Титр, самые сильные из нас. Мужское лицо крупным планом, морщинки в уголках глаз, сосредоточенный взгляд, гладко выбритое лицо, зачесанные назад короткие каштановые волосы. Титр, ведут за собой общество. Ряды одинаковых людей, одетых в одинаковые одежды, половая принадлежность неясна, лица размыты. Титр, благодаря им. Мужчина прощается с женщиной и мальчиком, у женщины заплаканное лицо, делано спокойный вид, мальчик плачет, женщина держит его за плечи, мужчина закрывает за собой дверь. Титр, мы обязательно справимся.


Это решение далось нам нелегко, но мы вынуждены действовать решительно, жестко, уверенно. Просим отнестись с пониманием. Мы должны сплотиться и вместе противостоять угрозе. Нам не оставили иного выбора. Просим отнестись с пониманием. От вас зависит ваше будущее. Мы все единое целое, каждый из нас имеет значение. Настало время сплотиться, как когда-то сплотились наши предки.


Титр, когда некому помочь. Разрушенное здание, черновато-серый дым клубами, сверху, слышен крик. Титр, мы должны прийти на помощь. На руины здания взбегают трое одинаковых мужчин, вместе подхватывают с разных сторон и поднимают большой кусок бетона, вытаскивают из-под плиты маленькую девочку в грязном платьице. Титр, и мы приходим.


Принимая во внимание актуальную обстановку, а также необходимость обеспечения безопасности для всех слоев населения, мы вынуждены ввести новые меры предосторожности и ограничить передвижение согласно приведенному ниже графику. За нарушение предусмотрена ответственность. Просим отнестись с пониманием, данные меры вынужденные.


Я понимаю, что наши действия вызывают споры. В поворотные моменты мировой истории чрезвычайно трудно избежать критики. Мы прекрасно понимали, на что шли, понимали риски. Мы понимали, что делаем это для общества. Но и общество прекрасно понимает, для чего и для кого все это делается.
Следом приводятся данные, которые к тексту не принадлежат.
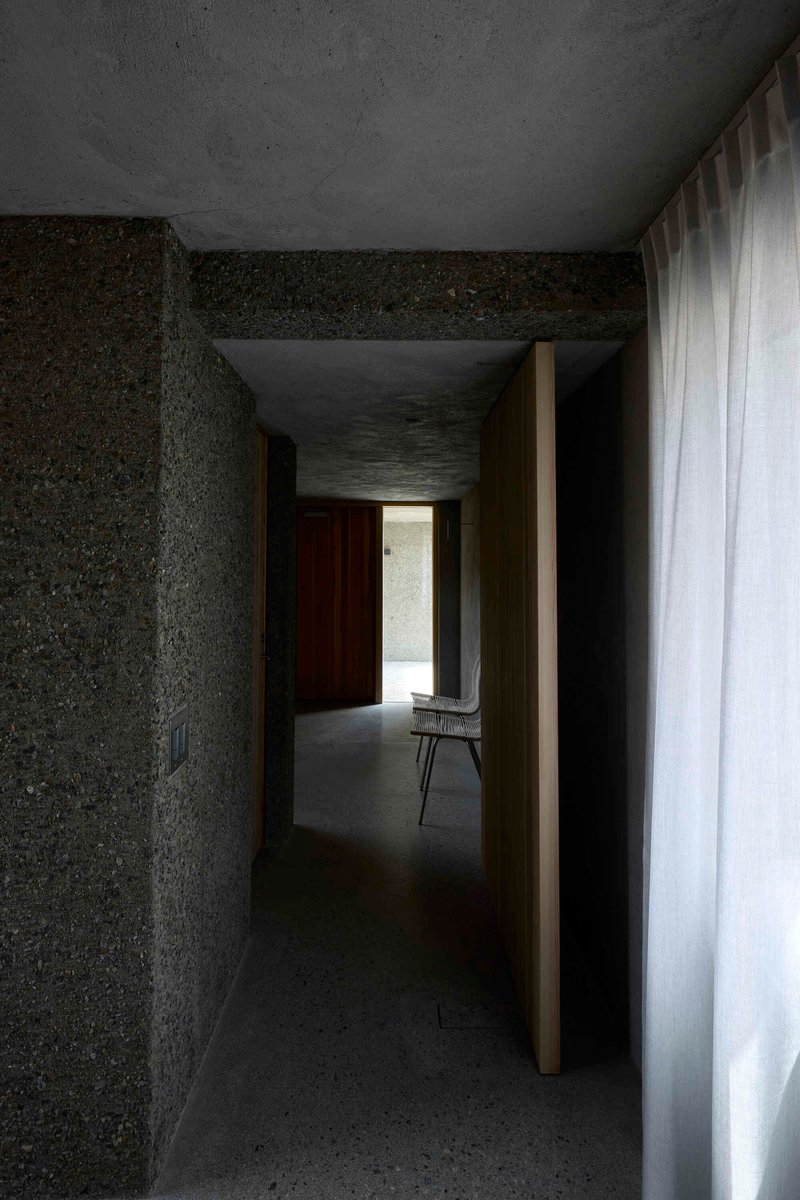 Concrete hallway with timber door jamb and chair silhouetted in daylit opening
Лично я горжусь, что люди сплотились. Тем более переживать, в сущности, не о чем. Все, что сейчас делается, подготовлено заранее и тщательно просчитано. Мы уверены, что эта ситуация продлится недолго. У них попросту нечем нам ответить, нечего нам противопоставить. Уверяю, скоро все закончится.


Торжественная музыка. Титр, во имя справедливости. Титр, во имя благополучия. Титр, во имя будущего. Толпа, сверху, движется ровными прямоугольниками по огромной площади, вокруг никаких построек, слышно сплошное гудение, отдельных голосов не разобрать, толпа движется как единый организм. Титр, мы идем вперед. Впереди идет колонна детей, мальчиков лет двенадцати, вид гордый, торжественный. Титр, мы будем бороться за будущее.
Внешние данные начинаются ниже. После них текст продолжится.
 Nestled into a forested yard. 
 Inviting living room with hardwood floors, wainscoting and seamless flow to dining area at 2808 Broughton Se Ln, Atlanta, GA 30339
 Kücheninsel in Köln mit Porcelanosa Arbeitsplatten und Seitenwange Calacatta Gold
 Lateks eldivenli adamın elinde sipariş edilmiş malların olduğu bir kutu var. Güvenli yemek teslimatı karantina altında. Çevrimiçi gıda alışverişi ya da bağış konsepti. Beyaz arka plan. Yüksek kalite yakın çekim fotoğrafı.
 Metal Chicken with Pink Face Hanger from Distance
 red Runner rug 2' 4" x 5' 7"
Не нам судить, как надо было поступать. Значит нельзя было по-другому, раз так. Нельзя было. Хватит уже. Не задавайте мне провокационных вопросов. Сейчас важно не сомневаться, а действовать. Я бы и сама пошла. Но у каждого своя функция. Мы же винтики, маленькие части огромного процветающего целого. Ваша профессия, говорить правду, прислушиваться к событиям, думать о последствиях, очень ответственное дело. Вы винтик, выполняете одну полезную функцию, во всяком случае, надеюсь, что выполняете добросовестно. Я другой винтик, у меня тоже есть обязанности, ответственность. Так и должно быть. Это здоровая система. Когда каждый полезен. Сейчас общество нуждается в нас, нуждается в понимании ситуации, что если бы не мы, то они. Вы же это понимаете, я понимаю, значит осталось донести до остальных. Иначе ничего не получится. Поэтому и принимаются такие решения, смелые, дальновидные. Многие просто не способны прямо сейчас увидеть целой картины.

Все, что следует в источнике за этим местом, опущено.